In spite of the fact that during these fifteen years I regarded writing as a trivial endeavor, I continued to write.  I had already tasted the temptations of authorship, the temptations of enormous monetary rewards and applause for worthless work, and I gave myself up to it as a means of improving my material situation and as a way of stifling any questions in my soul concerning  the meaning of my life and of life in general.  (Ch. 3, pp. 25-6, tr.
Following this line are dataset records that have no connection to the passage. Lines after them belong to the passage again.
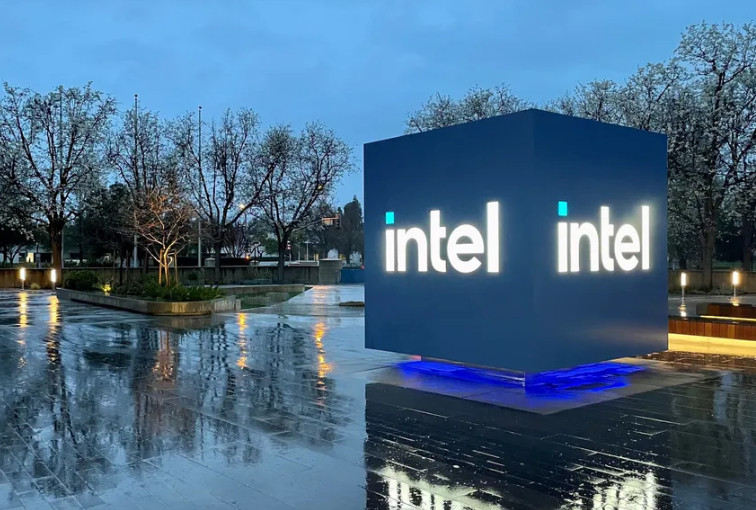 Почему Intel теряет позиции или история одной самоуверенности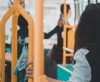 INTOLLERABILE A TARANTO/ Ragazzo straniero aggredito sul bus da minorenni con “tirapugni” e coltelli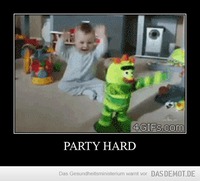 PARTY HARD –  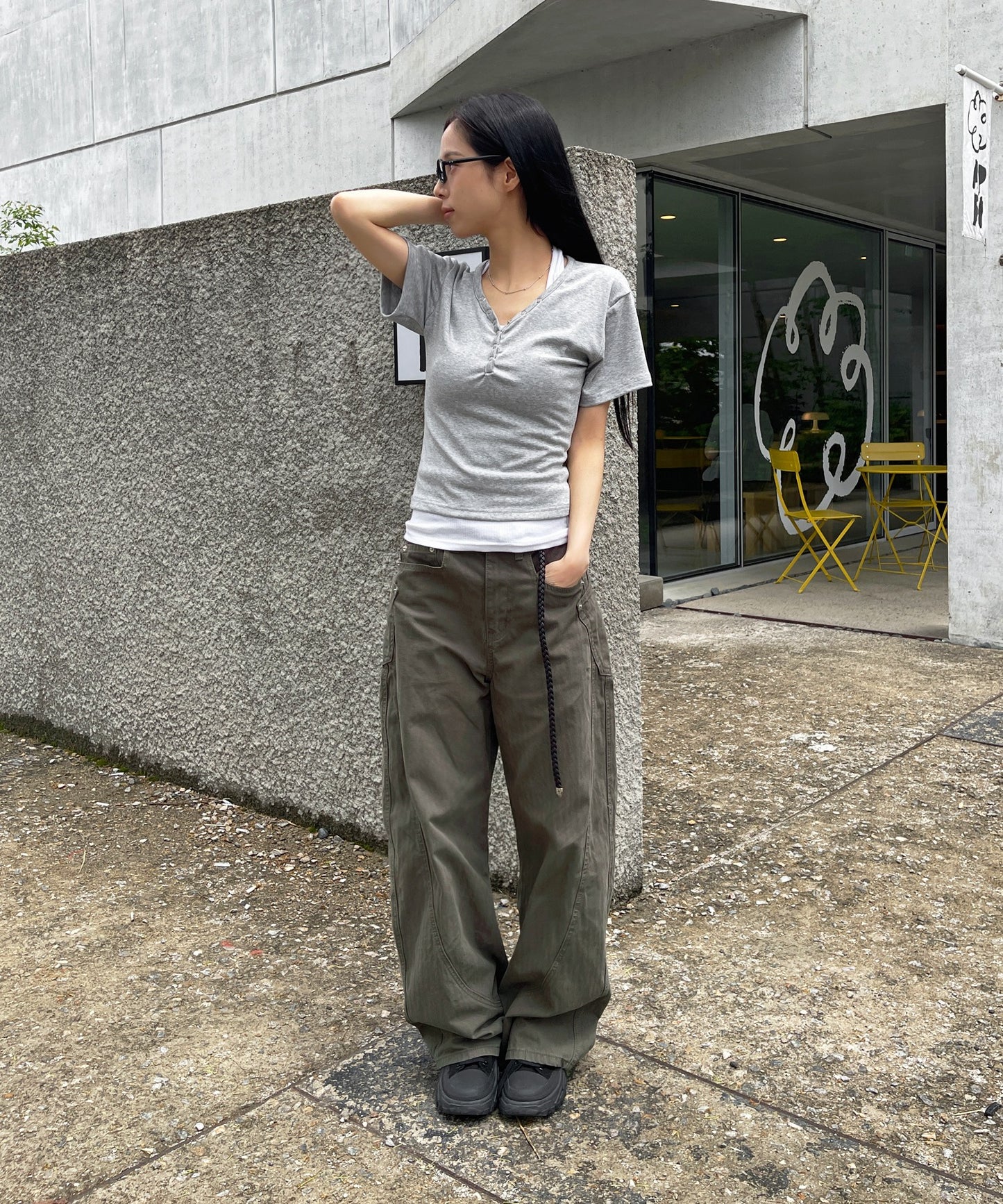 【2026SS新作アイテム】ユニークVネックシルバートットボタンレイヤード半袖Tシャツカットソー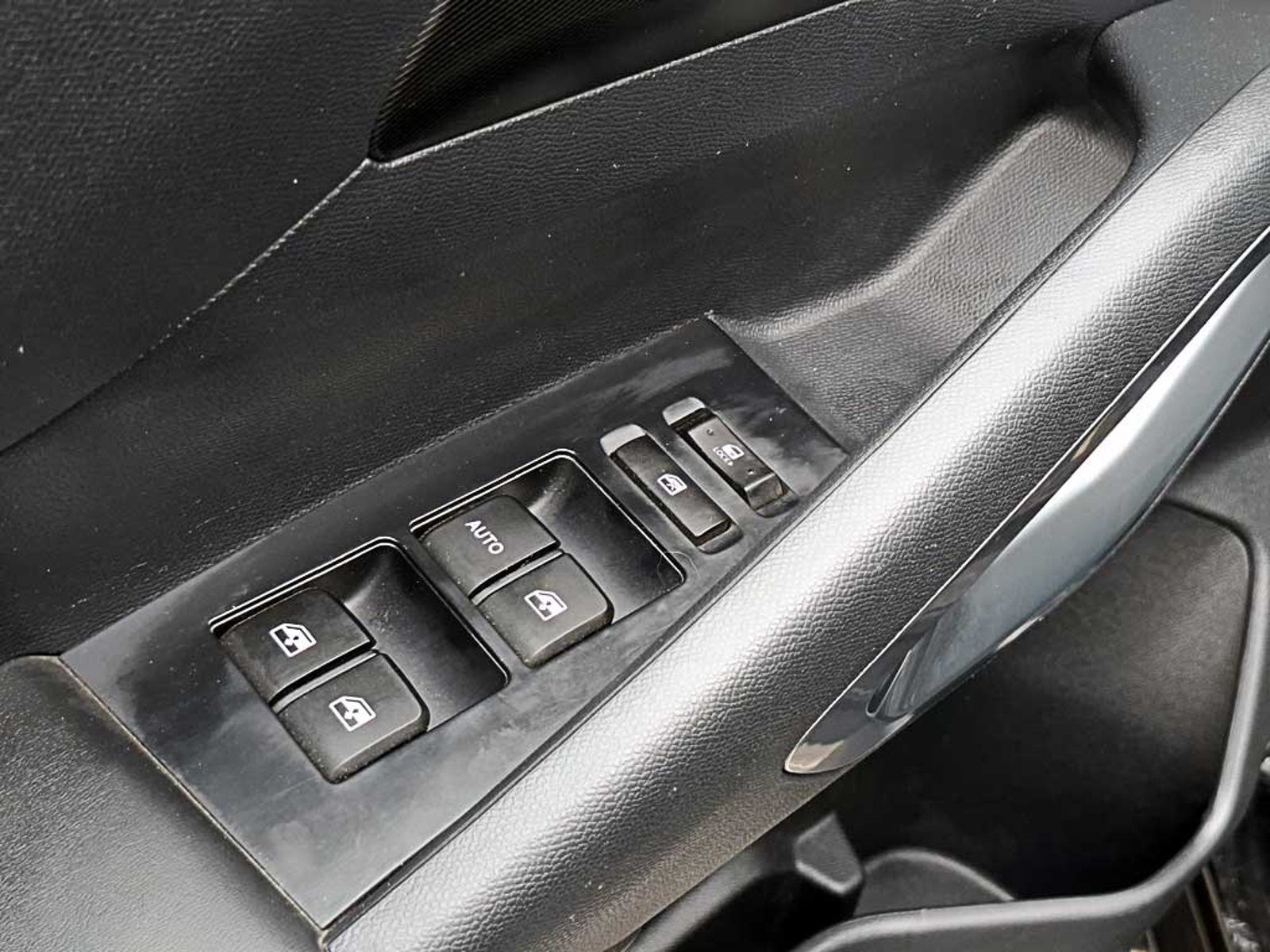 CHANGAN HUNTER 1.9T MT 4X4 ELITE SPORT 2023 - Imagen 20 de 20
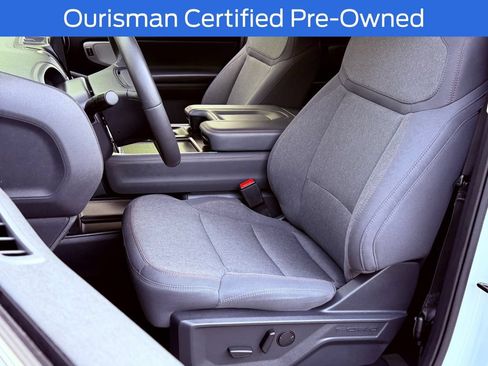 Used 2025 Ford Expedition Active AWD/4WD image 20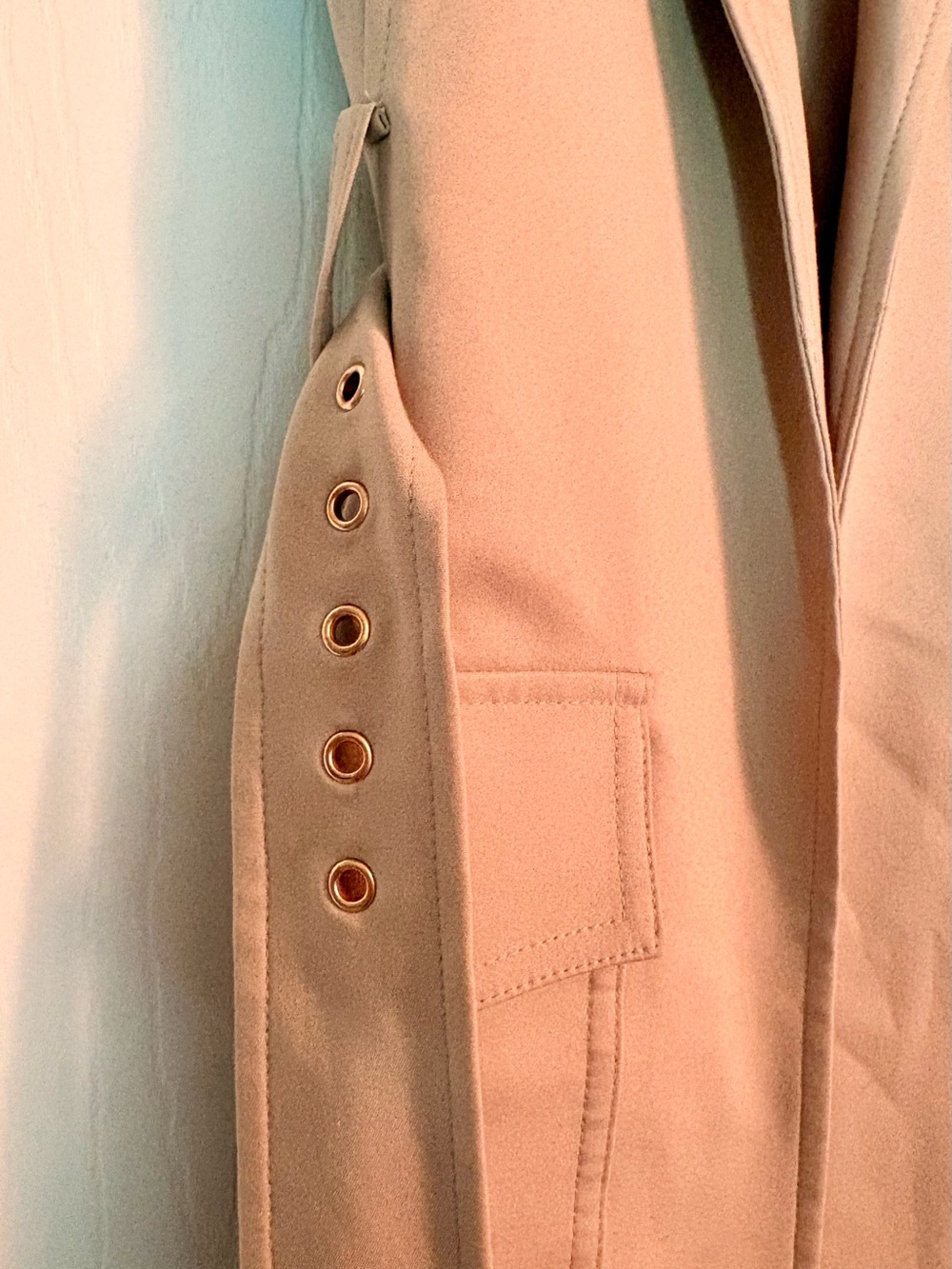 Calvin Klein Sleeveless Trench Vest in Beige - Picture 3 of 4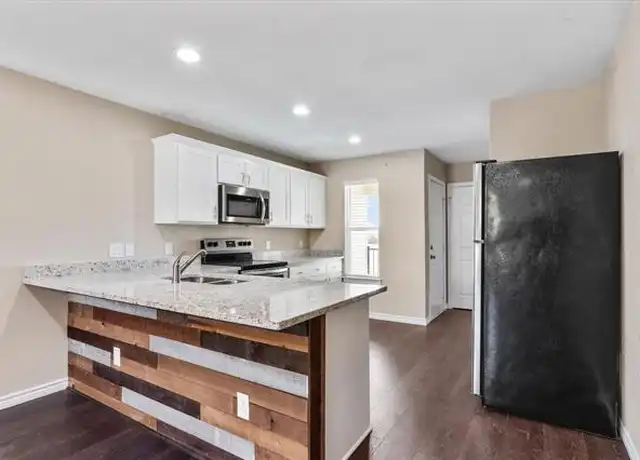 Property at 1406 Courtney Pl Unit C, Cleburne, TX, 76033, 2 beds, 2 baths, [object Object]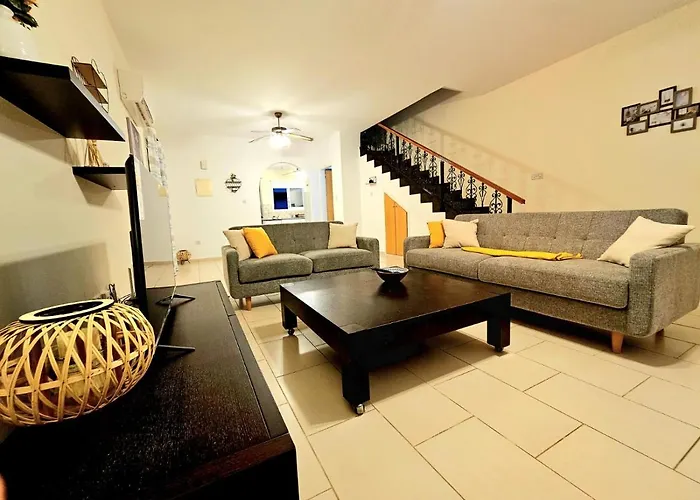 Spacious With Private Pool Villa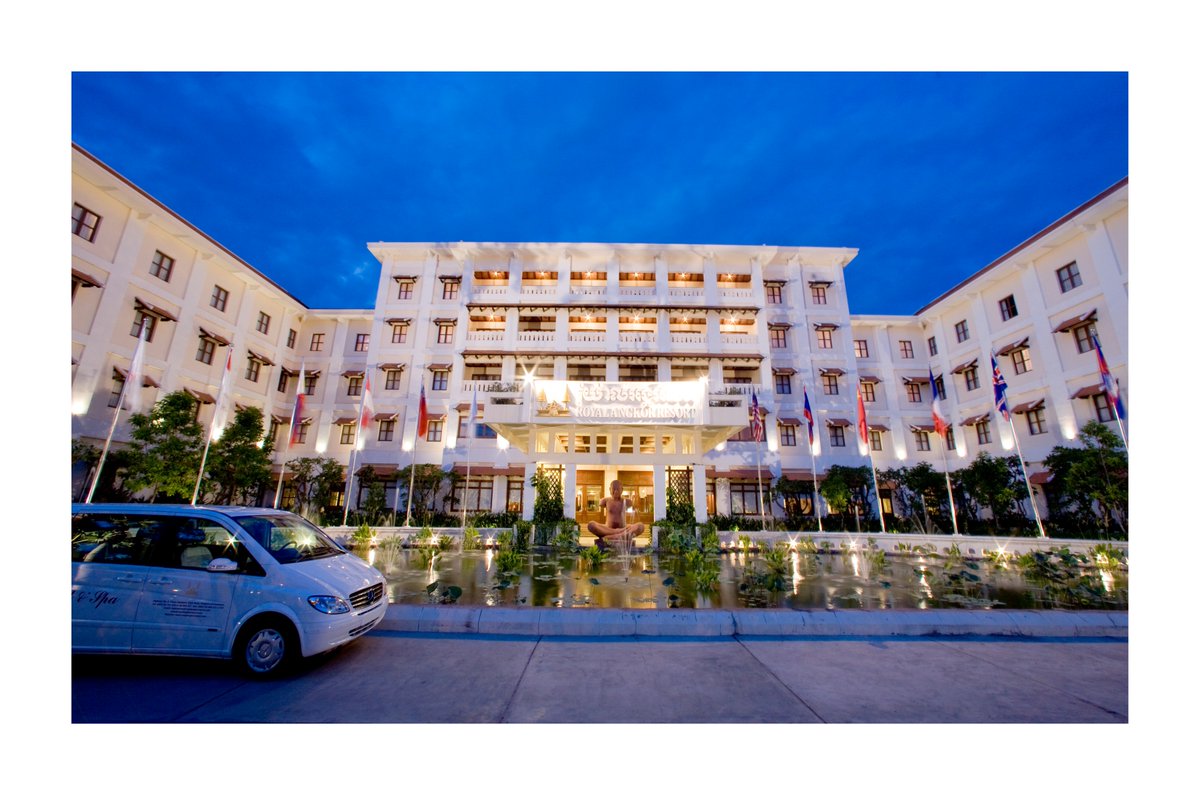 Ecommerce2016's tweet image. Hotel and Pool view at royalangkorresort.com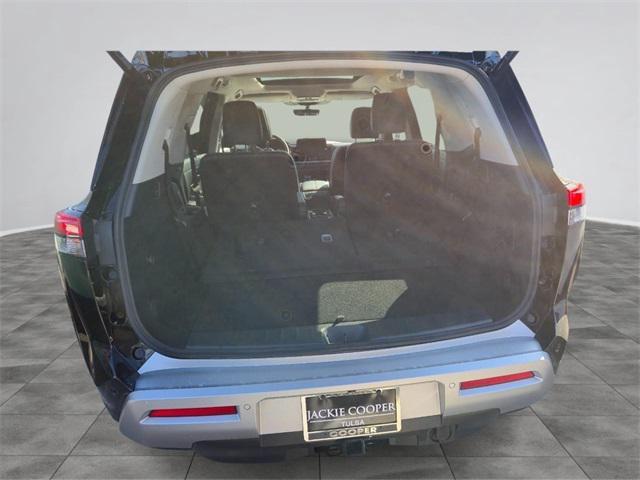 new 2025 Nissan Pathfinder car, priced at $44,340
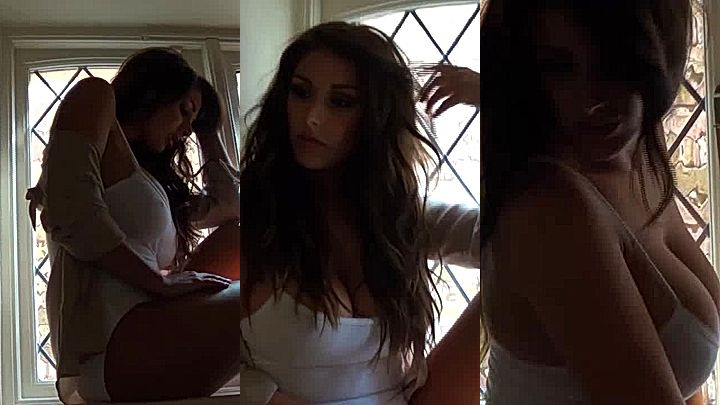 Beautiful Lucy Pinder slwoly removing her clothes leaked video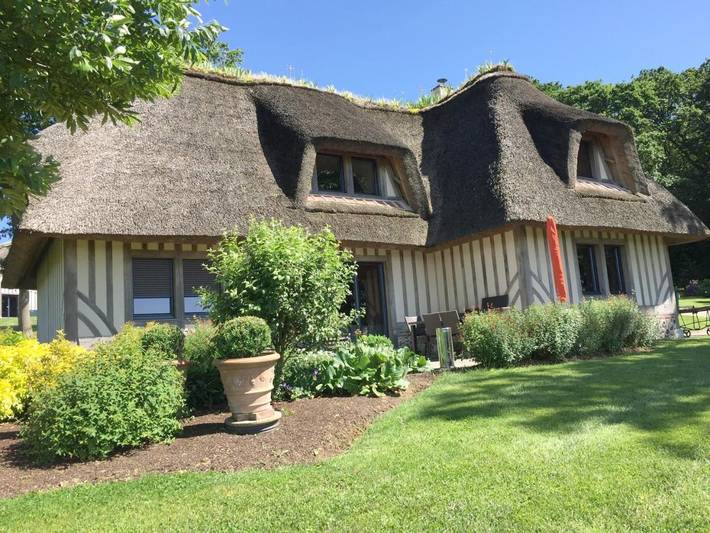 Maison de vacances pour 8 personnes, avec Balcon et Terrasse ainsi que Jardin et Piscine à Saint-Samson-de-la-Roque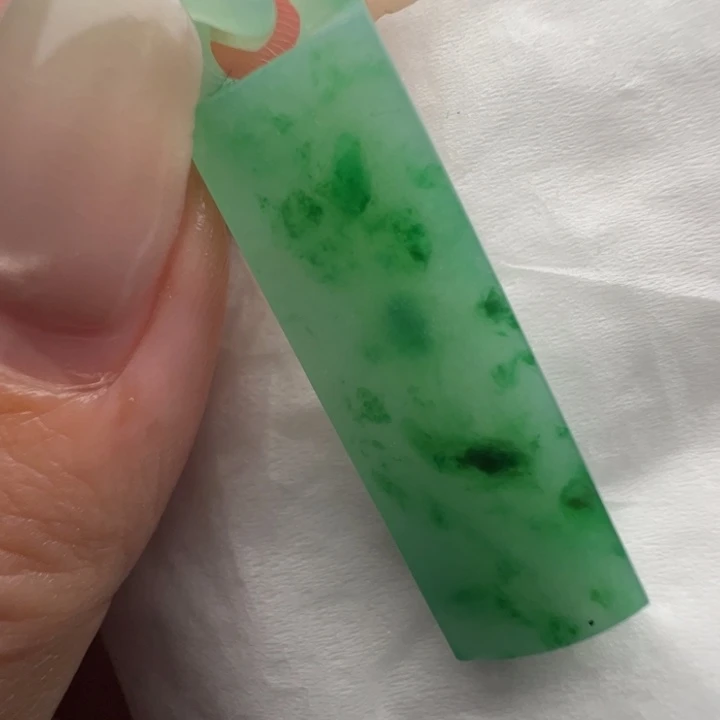 定制翡翠未镶嵌包抛光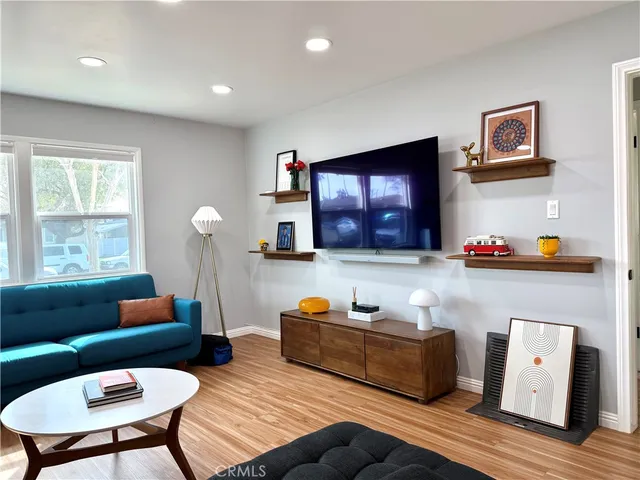 $3,195 | 115 West Valencia Avenue, Unit B, Anaheim, CA 92805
David Patterson)

At some point, the crisis overtakes his life:

It happened with me as it happens with everyone who  contracts a fatal internal disease.  At first there were the insignificant symptoms of an ailment, which the patient ignores; then these symptoms recur more and more frequently, until they merge into one continuous duration of suffering.  The suffering increases, and before he can turn around the patient discovers what he already knew: the thing he had taken for a mere indisposition is in fact the most important thing on earth to him, is in fact death.  (p. 26)

I would not say that Confession is essential reading for a student of Tolstoy’s fiction.  It is obviously central for the Tolstoyan, like a religious text.  Much of it covers the basic issues of a loss of faith – is there a god, why do we die, does the Church have the answers?  Tolstoy works his way to the kinds of answers these questions lead to.  Rhetorically, Tolstoy’s book is superb, but people have been working on these questions for a long time.  Does life have any meaning?  Confession is a deeply Ecclesiastian book.  Is all vanity?

Or in the middle of thinking about the fame that my works were bringing to me I would say to myself, “Very well, you will be more famous than Gogol, Pushkin, Shakespeare, Molière, more famous than all the writers in the world – so what?”
And I could find absolutely no reply.  (p. 27)

As the previous passage, the metaphor about terminal illness, suggests, Confession casts a lot of light on the literature Tolstoy wrote soon afterwards.  Just naming what I have read:  “The Death of Ivan Ilych” (1886), in embryo in those lines, the nightmarish play The Power of Darkness (1886), and the two problematic novellas about the torments of the male sex drive, “The Devil” and “The Kreutzer Sonata” (both 1889).

The latter two are recognizably Tolstoy, although he has simplified his language and despite throwing every distancing device he has at them – frames, unreliable narrators – they are unappealingly didactic and unpleasant, to me, at least.  The play is beyond belief, bonkers.  “Ivan Ilych” is an astounding masterpiece.  All the product of the same shift in aesthetic ideas.